SunPower will eliminate between 145 and 160 jobs, representing about 3 percent of its global team, in the next 12 to 18 months, according to a Monday filing with the Securities and Exchange Commission.
The layoffs — part of a restructuring plan — come after California-based SunPower announced in November that it would spin off most of its manufacturing operations to form Maxeon Solar Technologies, based in Singapore. Between 65 and 70 of the total eliminated roles are with SunPower Technologies, the company’s global manufacturing and research and development group. A spokesperson said the “vast majority” of those employees would continue on with Maxeon.

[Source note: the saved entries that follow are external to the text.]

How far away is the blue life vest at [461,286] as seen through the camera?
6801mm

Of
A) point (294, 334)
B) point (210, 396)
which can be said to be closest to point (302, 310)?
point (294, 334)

The remainder of the job losses will be distributed throughout the company, including at the corporate level, though SunPower declined to give further details on which positions might be eliminated. The financial filing indicated that the job losses were associated with SunPower’s continued efforts to “focus on distributed generation, storage and energy services” — an effort the company has recently doubled down on as it pitches itself as an energy services company rather than a solar-only provider.
In total, the restructuring will cost SunPower between $16 million and $22 million, with the greatest impact felt in Q4 2019 and Q1 2020. Prior to Monday’s filing, SunPower reported expected annual net losses in 2019 of around $20 million, though the company also said it may break even thanks to increased revenue. Most of that money will go to employee severance packages.
SunPower did not respond to requests for more details on the employee restructuring plan, but the shift comes on the heels of larger efforts to rework the company’s business. In recent years SunPower exited utility-scale development and reoriented around distributed solar and services in a bid for profitability. The split from Maxeon, SunPower CEO Tom Werner said in November, would help improve “the long-term profitability of both companies."
In the break, Maxeon got a $300 million investment from Chinese Tianjin Zhonghuan Semiconductor and SunPower got the opportunity to “focus exclusively on the factors that will cause SunPower to win” in the distributed energy services market, Werner told Greentech Media. SunPower, which is majority-owned by French oil company Total, maintained its U.S.-based research and development division as well as its manufacturing operations at the old SolarWorld plant in Oregon.
SunPower laid off a similar number of employees in 2018. The most recent restructuring will continue through mid-2023, according to the filing. SunPower stocks dipped only slightly on the news of the layoffs, down about 2 percent.
Streamlining the business coincides with SunPower’s other attempts to bring in cash and improve its financial position; this year it worked to sell off some developed projects and offered up 22 million shares in common stock to generate proceeds. So far in 2019 the company has achieved profitability in just one quarter. Though SunPower continues to build its installation pipeline, it remains to be seen whether its business changes will equate to stronger financial stability.